String in Java is very special class and most frequently used class as
well. There are lot many things to learn about String in Java
than any other class, and having a good knowledge of different String
functionalities makes you to use it properly. Given heavy use of Java String in almost
any kind of project, it become even more important to know subtle detail about
String. Though I have shared lot of String related article already here in
Javarevisited, this is an effort to bring some of String feature together. In
this tutorial we will see some important points about Java String, which is
worth remembering. You can also refer my earlier post 10
advanced Java String questions to know more about String. Though I
tried to cover lot of things, there are definitely few things, which I might
have missed; please let me know if you have any question or doubt on java.lang.String
functionality and I will try to address them here.
1)
Strings are not null terminated in Java.
Unlike C and C++, String in Java doesn't terminate with null character. Instead
String are Object in Java and backed by character array. You can get the
character array used to represent String in Java by calling toCharArray() method of java.lang.String class of
JDK.
2)
Strings are immutable and final in Java
Strings are immutable in Java it means once created you cannot modify
content of String.
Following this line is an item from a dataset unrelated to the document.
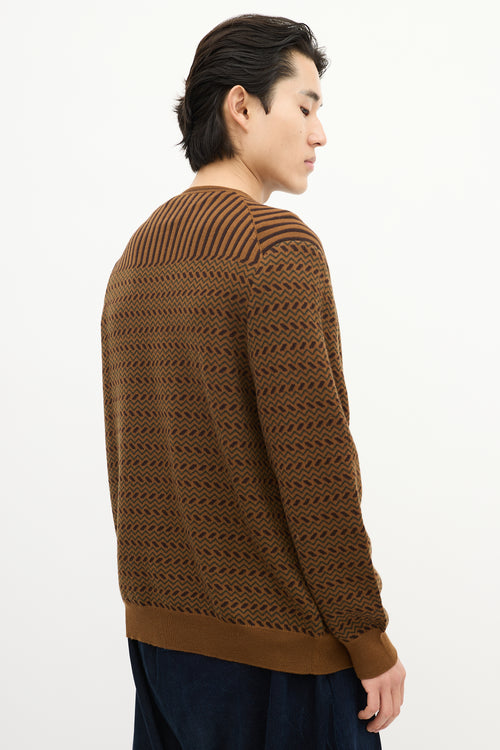 Etro Brown & Green Wool Striped Chevron Cardigan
If you modify it by using toLowerCase(), toUpperCase() or any
other method, It always result in new
String. Since String is final there is no way anyone can extend String or
override any of String functionality. Now if you are puzzled why
String is immutable or final in Java. checkout the link.
3)
Strings are maintained in String Pool
As I Said earlier String is special class in Java and all String literal
e.g. "abc" (anything
which is inside double quotes are String literal in Java) are maintained in a
separate String pool, special memory location inside Java memory, more
precisely inside PermGen
Space. Any time you create a new String object using String literal, JVM
first checks String pool and if an object with similar content available, than
it returns that and doesn't create a new object. JVM doesn't perform String
pool check if you create object using new operator.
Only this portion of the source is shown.